[[ MATERIAL TO PROCESS, beginning ]]
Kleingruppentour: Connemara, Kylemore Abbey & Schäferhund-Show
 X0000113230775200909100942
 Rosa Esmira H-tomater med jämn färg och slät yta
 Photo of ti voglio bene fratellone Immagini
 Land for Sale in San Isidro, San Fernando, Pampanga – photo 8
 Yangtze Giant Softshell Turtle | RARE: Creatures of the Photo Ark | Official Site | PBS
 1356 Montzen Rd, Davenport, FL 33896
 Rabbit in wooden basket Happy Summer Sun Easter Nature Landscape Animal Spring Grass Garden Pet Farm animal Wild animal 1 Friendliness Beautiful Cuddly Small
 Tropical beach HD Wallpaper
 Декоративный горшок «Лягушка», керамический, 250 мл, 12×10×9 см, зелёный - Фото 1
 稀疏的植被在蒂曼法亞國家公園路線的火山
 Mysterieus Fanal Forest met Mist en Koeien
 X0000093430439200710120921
[[ MATERIAL TO PROCESS, end ]]
▶ [EXERCISE OBJECTIVE]: Copy out only the lines running from the beginning of the data to the line with "1356 Montzen Rd, Davenport, FL 33896", both ends included.

▶ [ANSWER AREA]:
Kleingruppentour: Connemara, Kylemore Abbey & Schäferhund-Show
 X0000113230775200909100942
 Rosa Esmira H-tomater med jämn färg och slät yta
 Photo of ti voglio bene fratellone Immagini
 Land for Sale in San Isidro, San Fernando, Pampanga – photo 8
 Yangtze Giant Softshell Turtle | RARE: Creatures of the Photo Ark | Official Site | PBS
 1356 Montzen Rd, Davenport, FL 33896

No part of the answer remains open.